Prof. Dr. Asaf Varol
varol.asaf@gmail.com
2019 yılının ilk aylarında YÖK’te bölüm adlarının güncellenmesi amacıyla bir dizi toplantılar yapıldı. Kurulan komisyonlar birkaç kez bir araya gelerek, mevcut bölümlerdeki isim kargaşalarını giderecek çözümler üretmeye çalıştılar. Bu komisyonlardan Bilişim alanı (06 kodu) komisyonunda ben de görev almıştım. Dolayısıyla süreci yakından takip etme imkânı bulmuştum.
İletişim Fakülteleri Dekanları Konseyi (İLDEK) olarak da bölüm adları üzerine bir çalışma yaptık. Önce tüm dekanlara eposta göndererek YÖK’ün yapmış olduğu bölüm adları konusundaki görüşlerini istedik. Bazı dekanlar görüşlerini İLDEK’e sundular. Zaten İletişim Fakülteleri kendi görüşlerini de YÖK’e ayrıca ilettiler.

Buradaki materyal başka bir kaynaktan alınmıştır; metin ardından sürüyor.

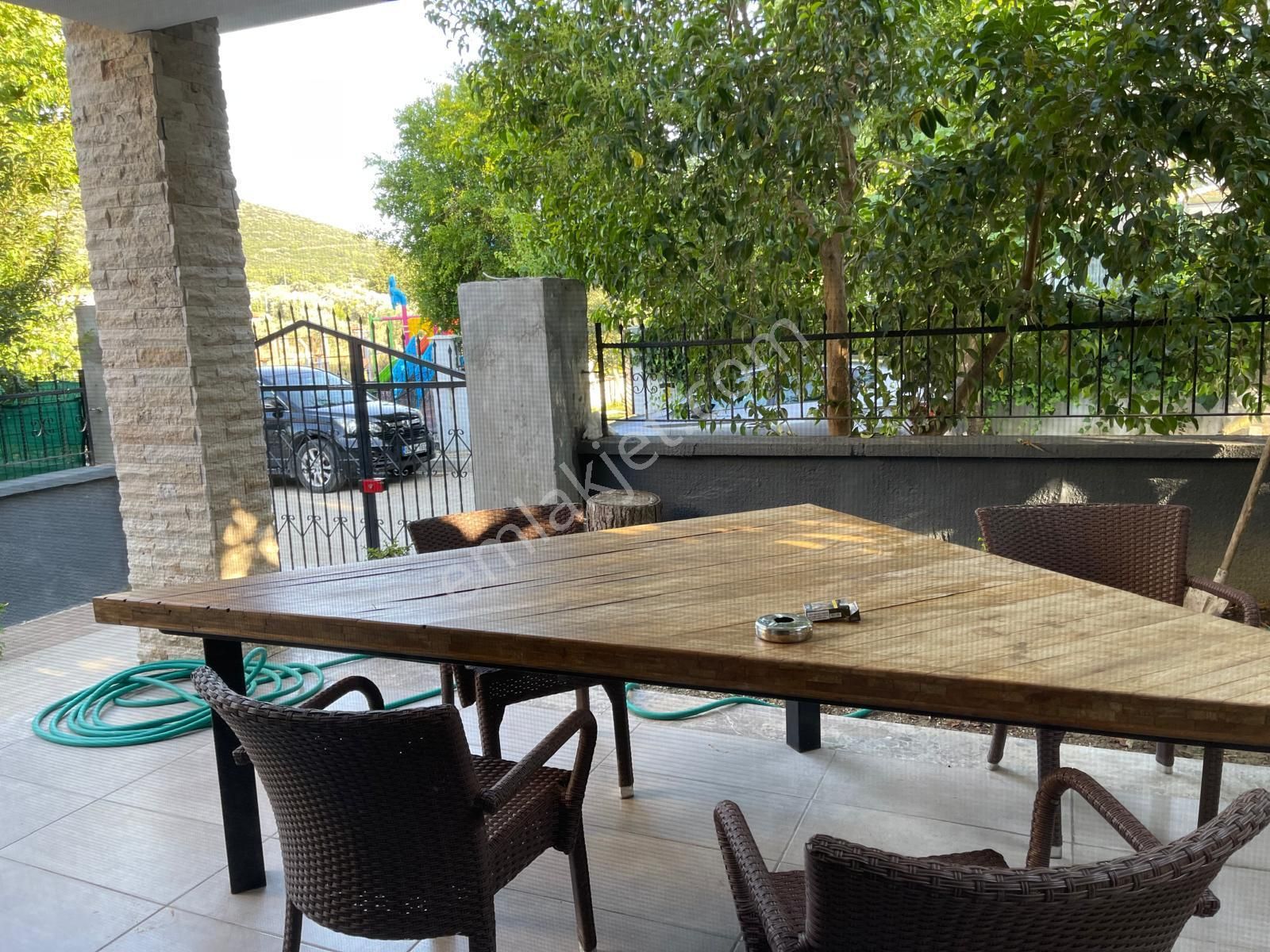 İzmir Urla'da Full Yapılı Lüks Triblex Villa - Görsel 5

Bölüm ve program kargaşasının en fazla olduğu alanlardan birisi iletişim fakülteleridir. 2000-2004 yılları arasında Fırat Üniversitesi İletişim Fakültesi kurucu dekanlığını yaptım. Ayrıca 2000 yılından beri bu fakültelerin dekanlarının oluşturduğu İLDEK Konseyi içerisinde daimi üye olarak yer almaktayım. Dolayısıyla iletişim fakültelerinin problemlerini de yakından bilmekteyim.
ISCED (International Standard Classification of Education), dünyada eğitimin standart sınıflandırılması gayesiyle yapılmış bir çalışmadır. Amaç, dünyada bölüm ve program adlarında bir standardizasyon oluşturmaktır.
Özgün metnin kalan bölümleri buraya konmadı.